» What needs to be done: Transcribe every line of the material below exactly, leaving out the pictures.

» Material provided:
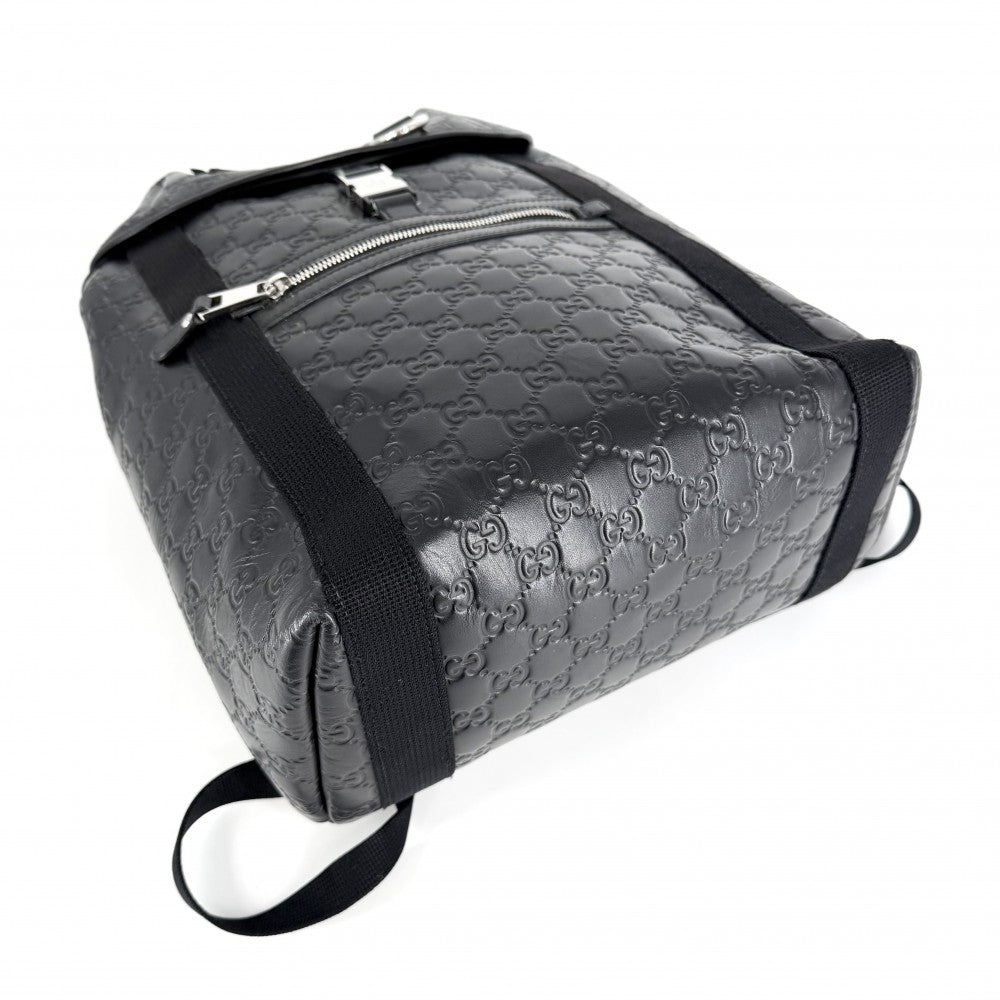 GUCCI グッチ リュック グッチシマ バックパック 368561 ブラック 黒 シルバー金具 メンズ【中古品】
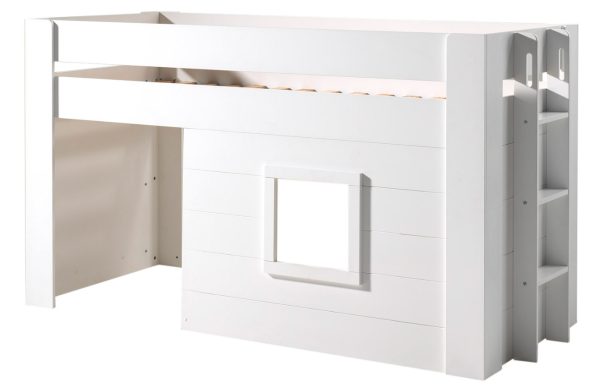 Bílá lakovaná patrová postel Vipack Noah 90 x 200 cm  - Výška120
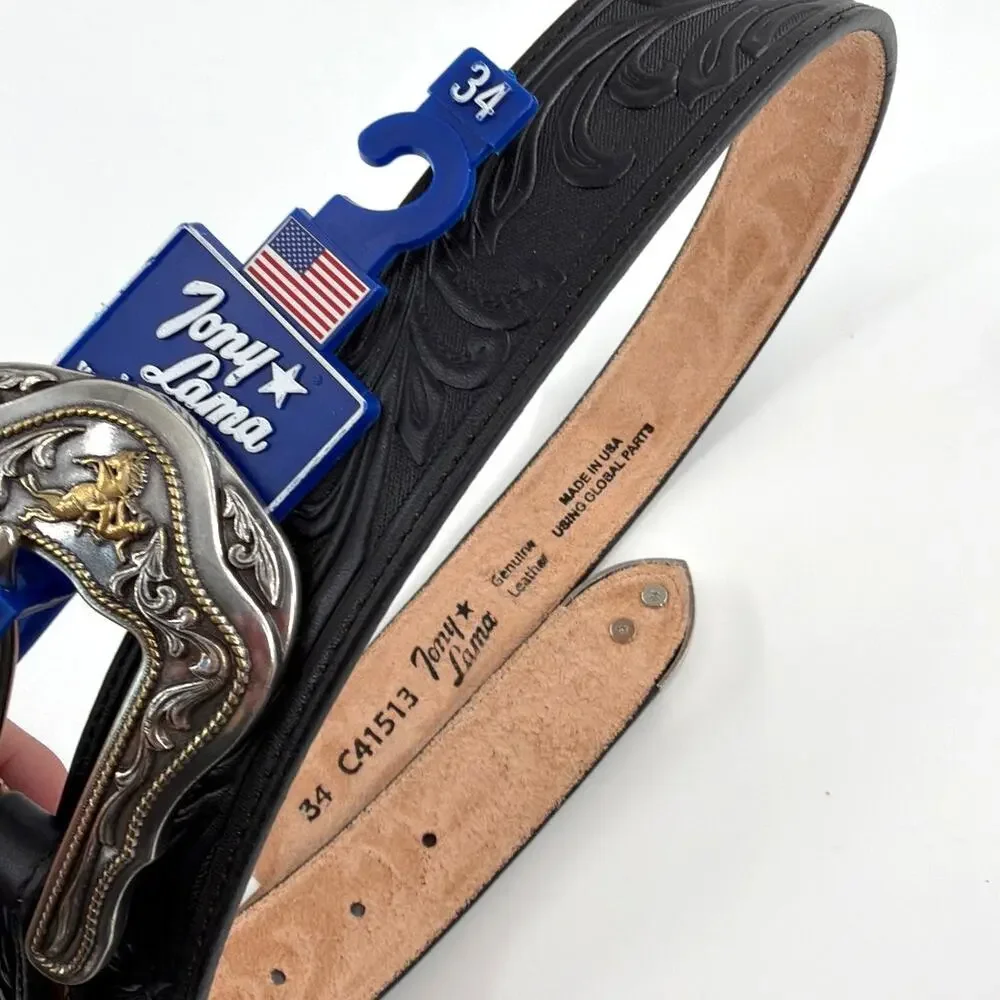Tony Lama Men's Black Westerly Ride Belt Size 34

» Solution for this exercise:
 GUCCI グッチ リュック グッチシマ バックパック 368561 ブラック 黒 シルバー金具 メンズ【中古品】
 Bílá lakovaná patrová postel Vipack Noah 90 x 200 cm  - Výška120
Tony Lama Men's Black Westerly Ride Belt Size 34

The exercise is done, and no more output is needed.